Friday, December 17, 2010

On the Decay of the Art of Lying, Mark Twain

"Children and fools always speak the truth. The deduction is plain—adults and wise persons never speak it."
This was a short story; each paragraph dripping with cynicism, irony, and humor. I chuckled throughout, approaching LOL a few times. As our grandchildren attain verbosity, this truth telling shines like a new chrome bumper. Young children not only tell the truth but their perspective on the facts is enlightening. How do they know what the truth is? They see it and they say it. How then, are we sometimes embarrassed by the light and understanding now exposed? I should like to hear more truth. Twain in his story believes it does not exist. I quote:
"None of us could live with an habitual truth-teller; but thank goodness none of us has to. An habitual truth-teller is simply an impossible creature; he does not exist; he never has existed. Of course there are people who think they never lie, but it is not so."
"Observe, I do not mean to suggest that the custom of lying has suffered any decay or interruption—no, for the Lie , as a Virtue, A Principle, is eternal; the Lie, as a recreation, a solace, a refuge in time of need, the fourth Grace, the tenth Muse, man’s best and surest friend, is immortal, and cannot perish from the earth while this club remains. My complaint is simply concerns the decay of the art of lying."
Twains seems to castigate those who tolerate the dishonest through insightful humorous sarcasm:
"The man who tells a lie to help a poor devil out of trouble, is one of whom the angels doubtless say, “Lo, here is an heroic soul who casts his own welfare in jeopardy to succor his neighbor’s, let us exalt this magnanimous liar.”
If Mark Twain was an author of “adolescent literature”, writings such as these make him a philosopher and commentator on society. I should like to include the entire text with the hope everyone would read it but at least, let me finish with Twains summation on the decay of Lying.

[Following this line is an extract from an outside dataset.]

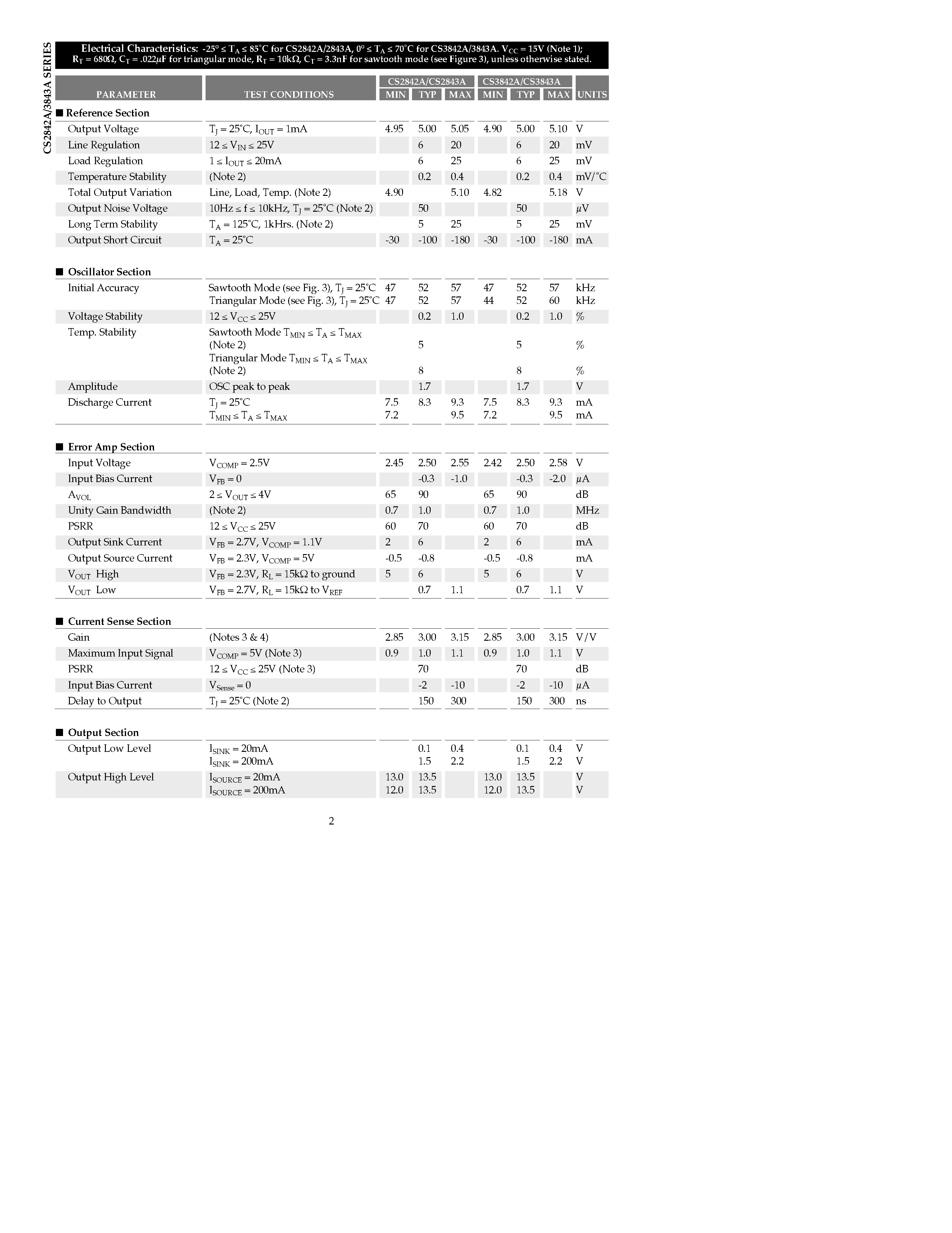 Datasheet CS2842ALN8 page 2 Datasheet CS2842ALN8 - Off-Line Current Mode PWM Control Circuit with Undervoltage Lockout page 2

"Lying is universal- we all do it. Therefore, the wise thing is for us diligently to train ourselves to lie thoughtfully, judiciously; to lie with a good object and not an evil one; to lie for others advantage, and not our own; to lie healingly, charitably, humanely, not cruelly, hurtfully, maliciously; to lie gracefully and graciously, not awkwardly and clumsily; to lie firmly, frankly, squarely, with head erect, not haltingly, tortuously, with pusillanimous mien, as being ashamed of our high calling."